There are two main reasons for these results: firstly, compared to decision trees and SVM algorithms, gradient-boosting tree-based algorithms such as Catboost and LGBM perform better when dealing with large-scale datasets, and the Catboost algorithm is particularly effective in handling noisy data in the dataset. Secondly, for optimization algorithms, the ability to balance global and local searches is crucial. In the dung beetle optimizer, the breeding behavior ensures that new individuals have better fitness, foraging behavior accelerates the speed of local search, stealing behavior utilizes better solutions discovered in the global search, and rolling behavior increases the algorithm’s diversity, helping it to escape local optima and further improving the global search capability. Finally, the improved DBO algorithm generates an initial population that is closer to the optimal solution, allowing it to better find the optimal parameter combination. Through the combined effect of these behaviors, the algorithm achieves a balance between global and local search, thereby enhancing its search ability and optimization performance, effectively improving the detection and classification performance of the model.
To evaluate the generalization ability of the proposed method, the Bot-IoT dataset [
37] was used for performance assessment. Due to the severe class imbalance in the Bot-IoT dataset, where there was a small amount of normal data and a large amount of attack data, the dataset was processed using a combination of the SMOTE technique and an undersampling technique to achieve a balanced dataset. The data preprocessing workflow is shown in
Figure 4, and the sample distribution before and after dataset processing is illustrated in
Figure 5.
Table 7 presents the performance of the IDBO-Catboost and the comparison models on the processed Bot-IoT dataset.
From the information in
Table 7, it can be observed that compared to other models, IDBO-Catboost achieved higher detection accuracy on the Bot-IoT dataset, with an accuracy and F1 score of 98.57%. This indicates that the hyperparameters identified by IDBO-Catboost were highly effective, and the model exhibited good generalization ability. The main reason for this result was the presence of the dynamically changing parameter R in the dung beetle optimizer, which allowed the algorithm to adapt better to different problems and enhance the model’s generalization performance.
In addition to performance metrics such as accuracy and F1 score, the average time (sum of model training and prediction time) of the proposed model and other detection models on the Botnet dataset and Bot-IoT dataset are compared in
Table 8. It can be observed that the IDBO-Catboost detection model requires less time compared to the other detection models. This is because the IDBO-Catboost model can utilize GPU acceleration for training, thereby improving the detection efficiency of the model. Regarding DBO-Catboost and Catboost, the IDBO-Catboost model has fewer iterations, resulting in a shorter training time compared to DBO-Catboost and Catboost models.

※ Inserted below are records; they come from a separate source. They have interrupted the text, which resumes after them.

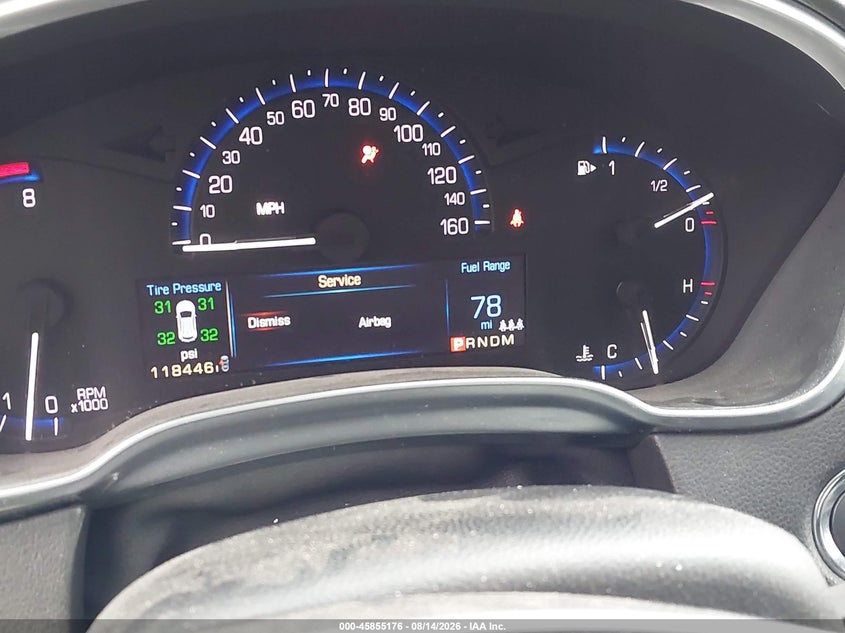 2014 CADILLAC SRX SPORT UTILITY VEHICLE 3.6L V-6 DI, DOHC, VVT, 308HP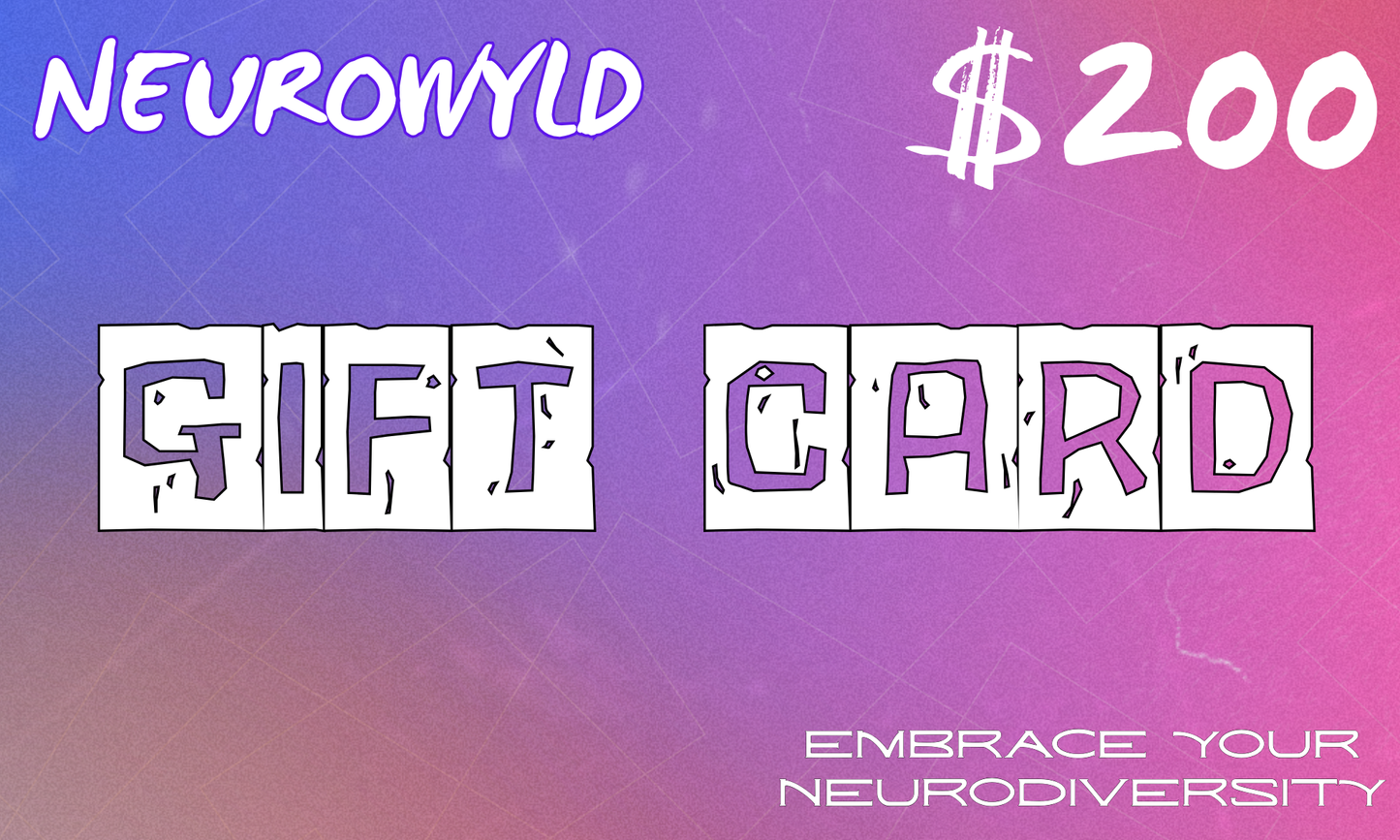 Neurowyld Gift Card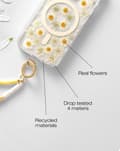 Pikkukuva 8 / 10: Clear Case MagSafe iPhone 15 Pro Max Daisy Bloom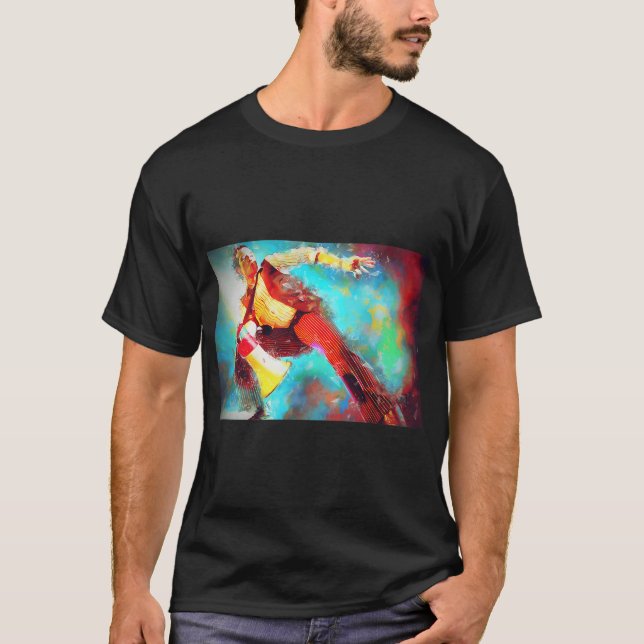 T-shirt Tomber en pièces (Devant)
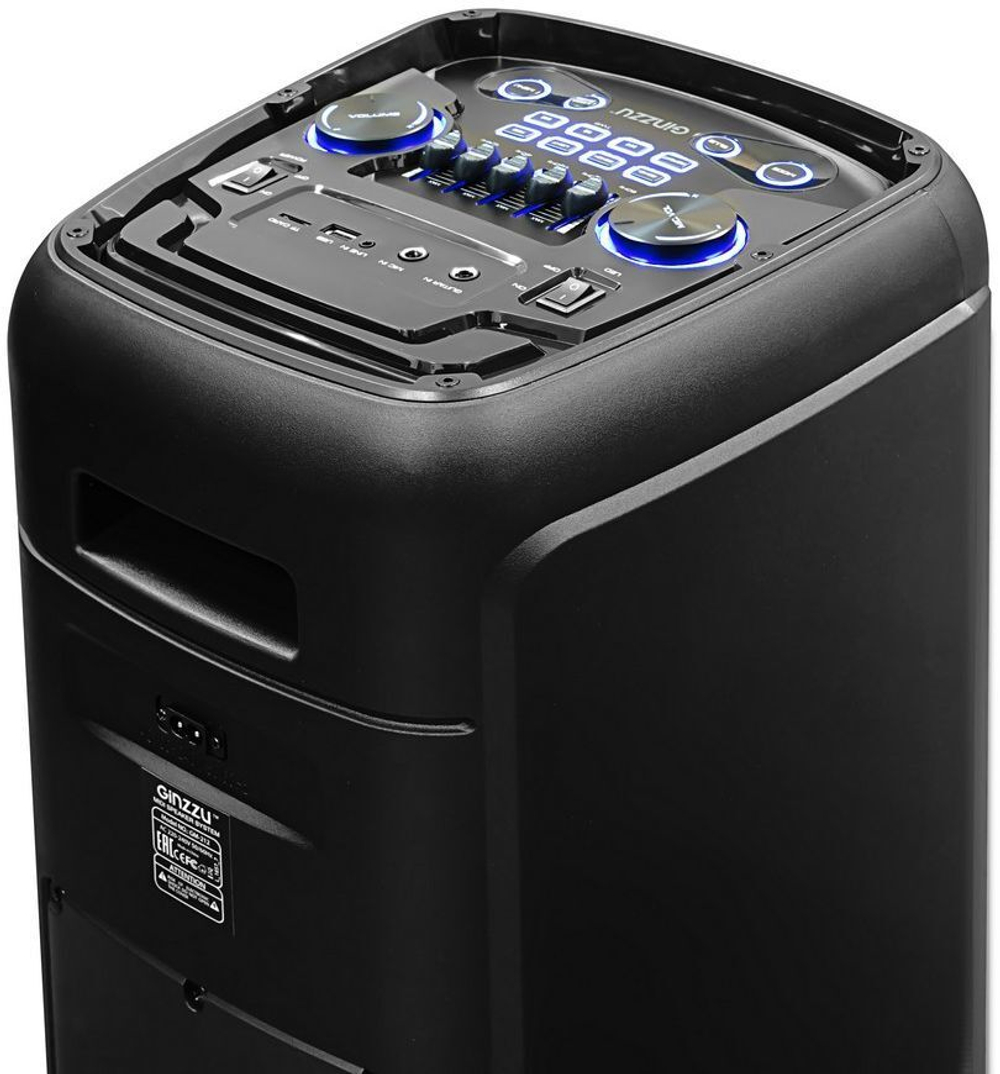 Портативная колонка Ginzzu GM-212 Black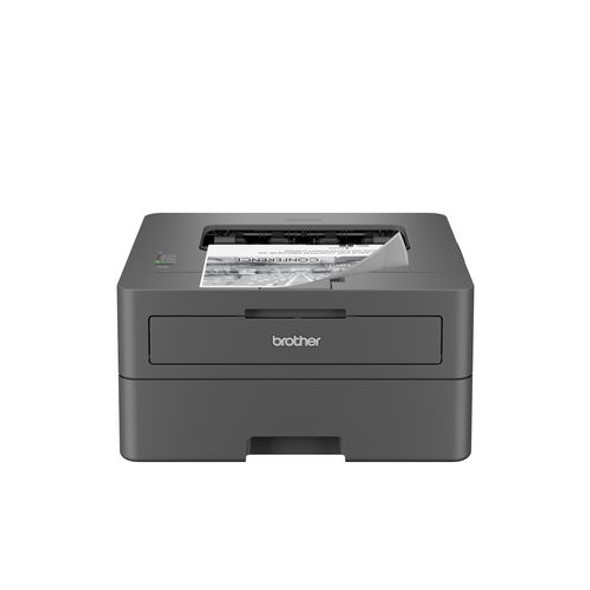 HL-L2400D Compact Monochrome Laser Printer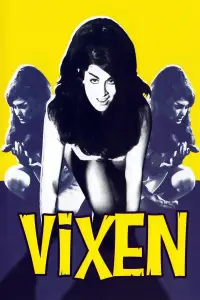 Poster to the movie "Vixen!" #596345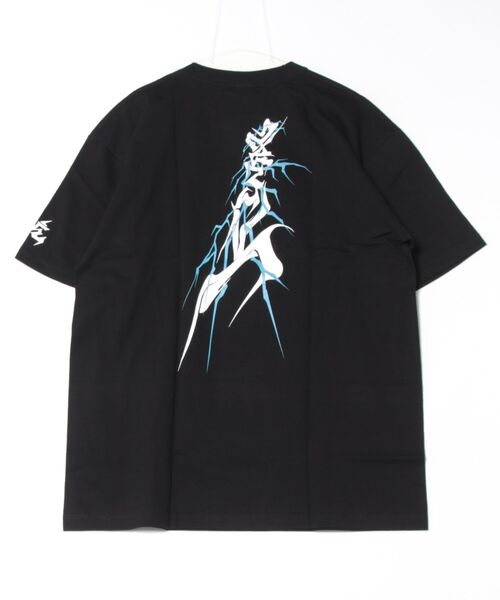 ARCHIVER(アーカイバ)の「【KINJAZ】Graphic T(Tシャツ/カットソー・メンズ・ブラック・LARGE)」の3枚目の写真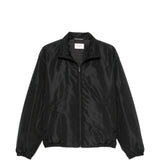 Black jacket, front view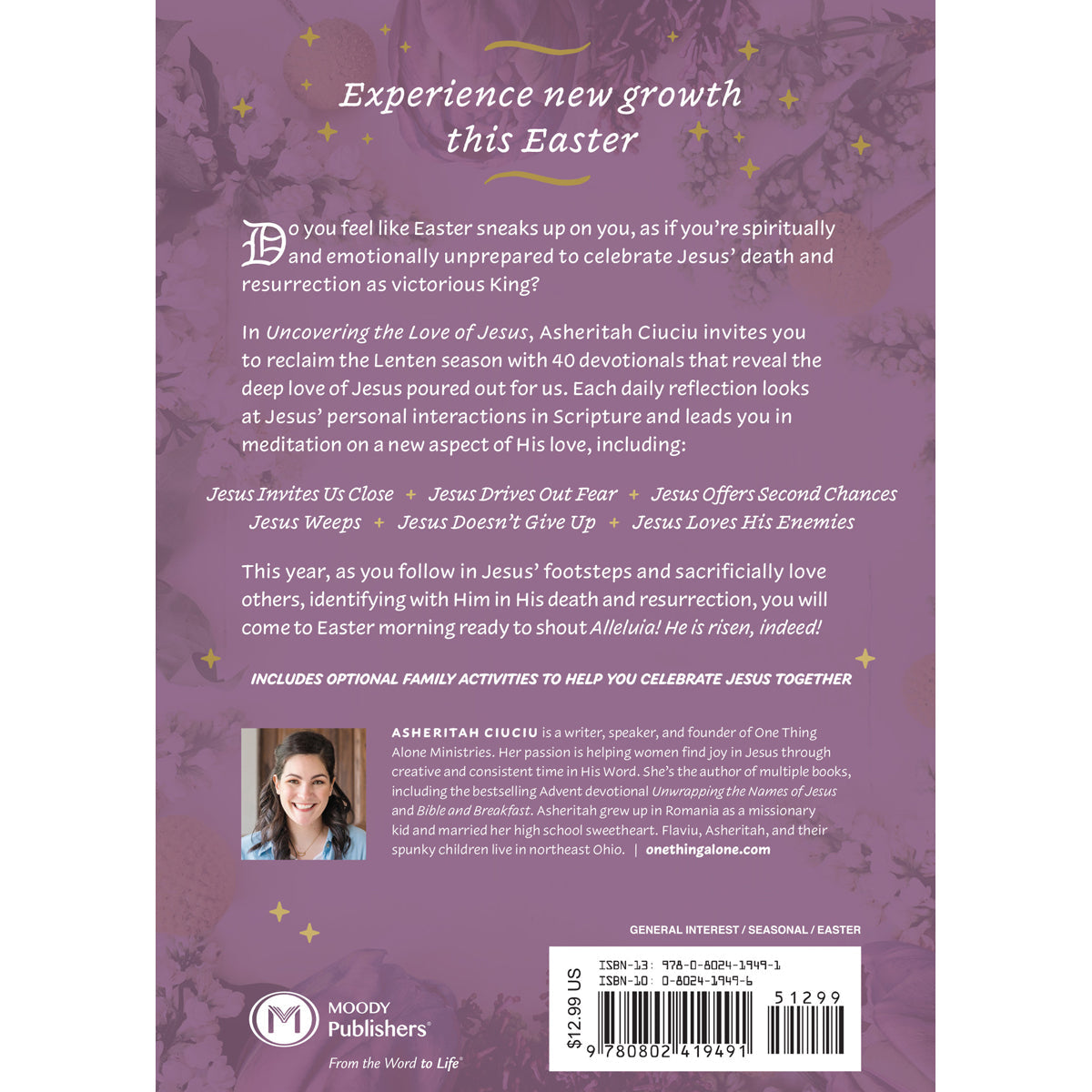 Uncovering The Love Of Jesus (Hardcover)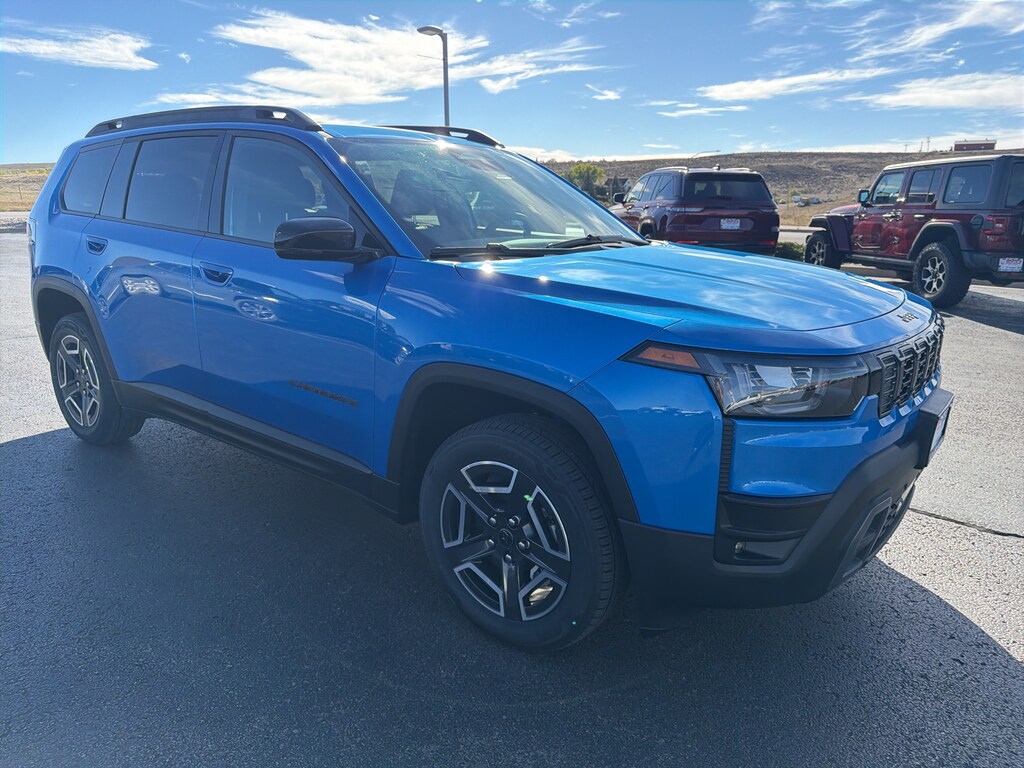 New 2026 Jeep Cherokee Sport Utility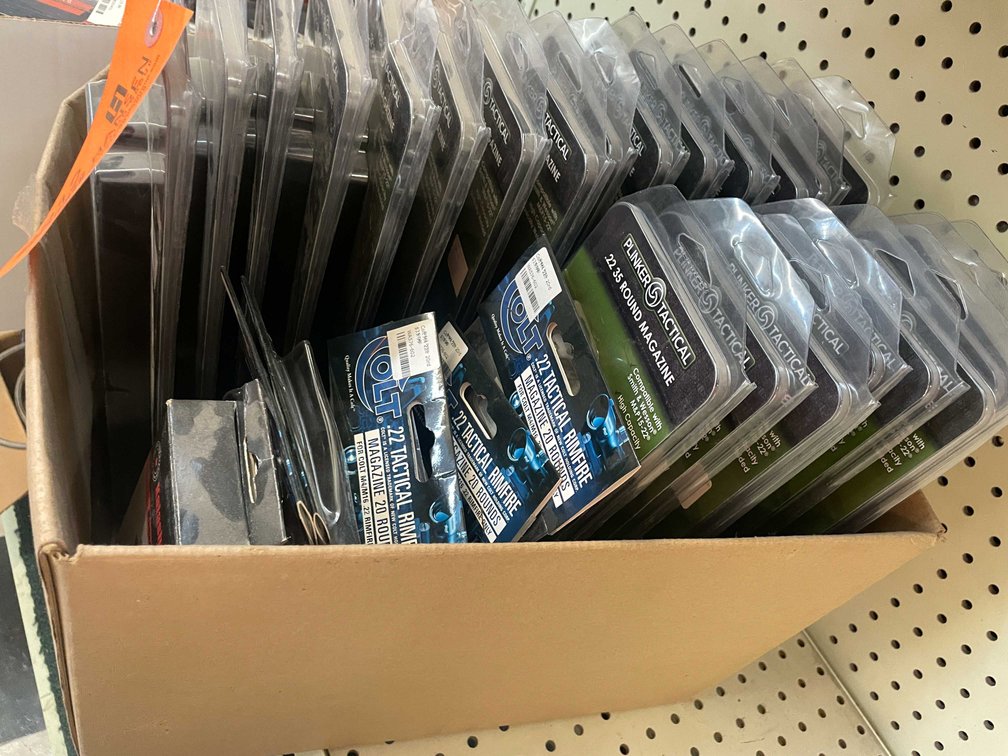 S & W and Colt Magazines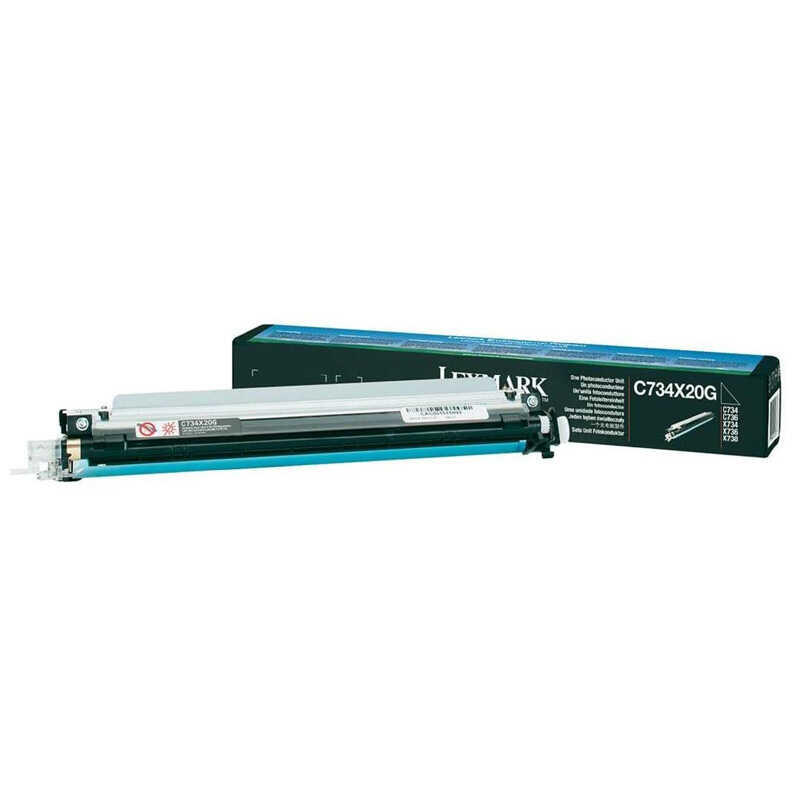 Lexmark C734-C734X20G Orijinal Drum Ünitesi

In summary, this paper conducted experiments using two datasets, Botnet and Bot-IoT, related to Internet of Things (IoT) botnet networks. By comparing with existing detection models, the proposed improved DBO-Catboost detection model demonstrated the best classification performance in terms of high accuracy and detection efficiency. Therefore, it can be effectively applied to the detection tasks of IoT botnet networks.